Even if you've never stepped foot inside the gates of Eibach's Corona, Calif. facility, you should certainly know your way around. Birthplace of the largest Honda gathering on the West, a newly launched Toyota meet, pre-2000 era vehicle celebration, and many other organized get-togethers, the Eibach parking lot is almost as famous as the organization's incredibly deep line of high-performance suspension goods. Almost.
In 2017, the staff at Eibach launched "Eibachtoberfest"—an event catering to pretty much any vehicles carrying European heritage from the likes of Porsche, BMW, Ferrari, and others. The initial event filled just the front portion of the lot, often referred to meet vets as the "VIP" section. In 2018, a follow up even took place and the number of cars didn't increase dramatically, though some of that could have been attributed to the absolute downpour that took place that weekend—a somewhat rare occurrence in Corona, which is well-known for almost always being approximately 3-6 degrees cooler than a bucket of lava, and only slightly worse for your skin.
For 2019, Eibach's third effort brought in more cars, more vendors, and more visitors, and it's clear the event is beginning to find its way. This year Corona decided to flex its atmospheric muscle by keeping the rain away and replacing it with a sweltering afternoon. The group came up with a great way to give attendees a little something extra by pre-loading the manufacturing facility with a curated collection of cars for fans to view, and it offered some relief from the fireball overhead. Creatively, it was an incredibly nice break from the standard parking lot gathering, and the overall feel of being free to romp through a facility with countless moving parts while it was at rest made for a welcomed addition.

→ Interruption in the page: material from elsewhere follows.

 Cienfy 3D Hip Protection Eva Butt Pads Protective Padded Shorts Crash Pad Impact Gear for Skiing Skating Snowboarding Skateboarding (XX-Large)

Think of it as a Luftgekuhlt influence but with the laid back nature of your local cars and coffee. If you've never toured Eibach's manufacturing area, it's worth your time. Filled with massive machines that help churn out springs, shocks, sway bars, and more, the production includes powder coating and other processes that help produce the highly-developed product that you, the end-user, are treated to. Placing nicely built vehicles in between the rows of rough, time-weathered machinery is the kind of juxtaposition that keeps people guessing and no doubt coming back for more. In our eyes, a specific one-make collection or perhaps "racecars only" vehicle curation might make for an ideal theme come 2020.
Titan 7, a group that's been making appearances just about everywhere this year to increase the brand's visibility, also set up shop at Eibachtoberfest. Their line is based on fully forged wheels that include this T-S5 model, loaded with the latest wheel technology in a lightweight finished product, and the name is becoming increasingly popular among builders.

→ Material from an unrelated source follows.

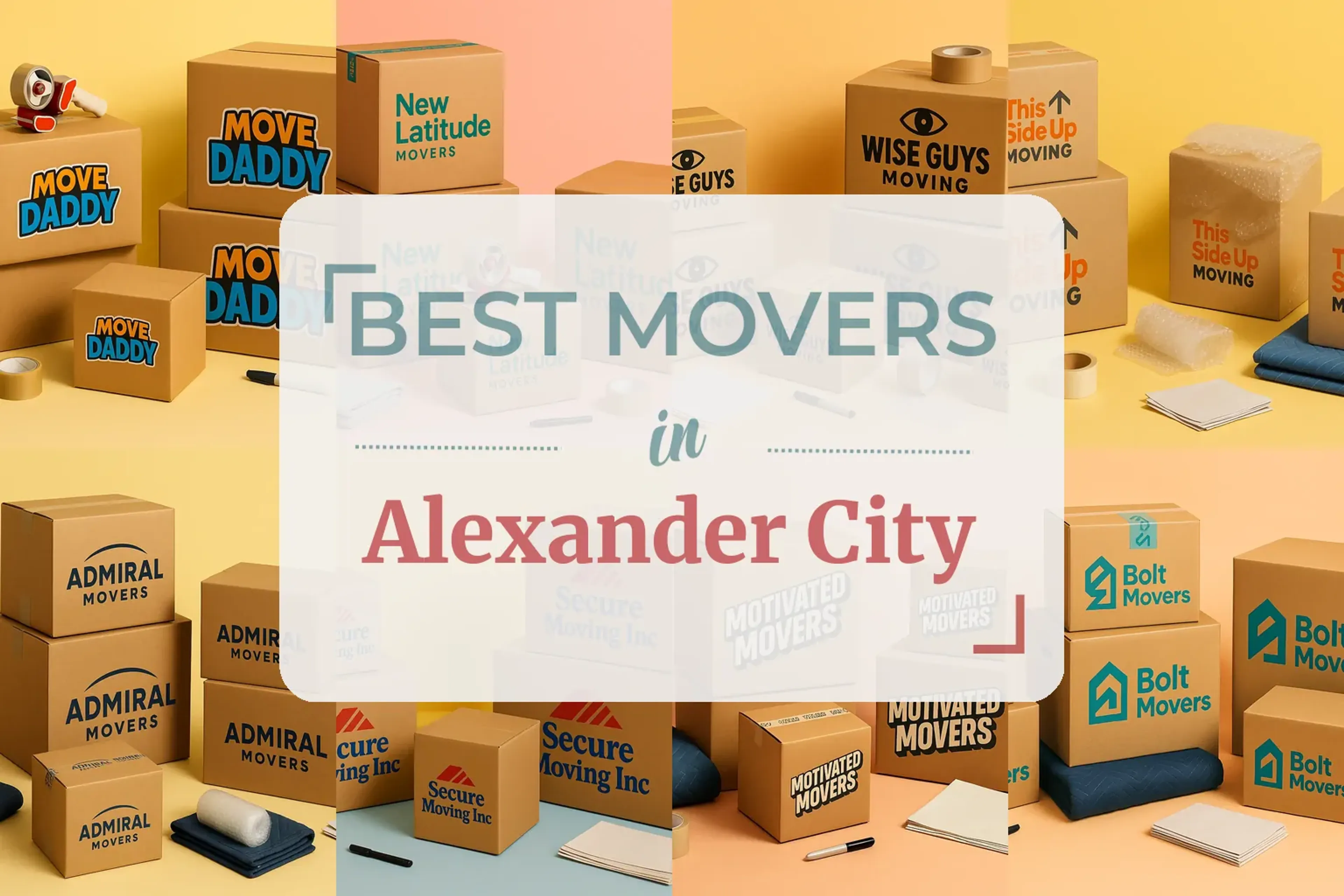 Side-by-side comparison of Alexander City moving companies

The trio of cars next to Titan's booth included this Ferrari and Porsche combo both sporting their new T-S7 design and an M2 on T-R10.
Once upon a time, Bisimoto was known strictly for its work on Hondas, especially the underdog single-cam engines that most wrote off when the DOHC engine swap uprising took place in the early '90s. Over the years, he's spread his knowledge into other markets, including Hyundai, Kia, and, more prominently, Porsche.

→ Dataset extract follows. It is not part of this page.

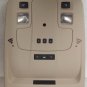 Malibu overhead console + HomeLink Garage Door Opener, Lights & Microphone. Tan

Now with multiple Porsche builds under his belt and a wealth of knowledge in coaxing maximum performance from various powerplants both in naturally-aspirated and turbo form, the longtime enthusiast has, in essence, re-established himself without actually needing too. Today, you can find Bisi splitting time between multiple builds of all types, especially in the months that close in on SEMA where a number of his creations are displayed.
Forget food trucks or quick runs to local fast food joints, for Eibachtoberfest the staff supplied free food and water for attendees... bratwurst, of course.
Chances are you haven't run across too many customized Renault in your adventures to meets, shows, and track events. Once a huge seller around the world with over 2 million models produced in a relatively short period of time, the Duaphine model eventually earned a reputation for being underpowered, downright scary in the turns, and unfit to withstand the elements, often-falling victim to excessive rust.
This version has been widened considerably and its once squared-rear quarter panel now rounded. The suspension, now a custom pushrod cantilever setup, is on duty along with GTI MK4 brakes to control the massive increase in performance provided by a 24V VR6 swap that barges into the space once occupied by the rear seat backs.
This classy 912 was positioned in front of the Sleepers Speed Shop booth and features the do-it-all shop's custom louver treatment on the factory steel engine cover.
Like every genre of custom car building currently, the widebody era is stronger than ever, with custom and off-the-shelf kits making their way to all types of European cars.
Recently adorned with new livery, this E36 track car wasn't hard to spot, even with bins full of raw spring material surrounding it. Once fired up, it might upset a few as the original BMW powerplant was plucked and replaced by American muscle. While an LS swap is often frowned upon, this particular swap wasn't done for shock value but track-day consistency and affordability, and if we're being honest, it's tough to deny the gobs of available torque offered by the LS platform.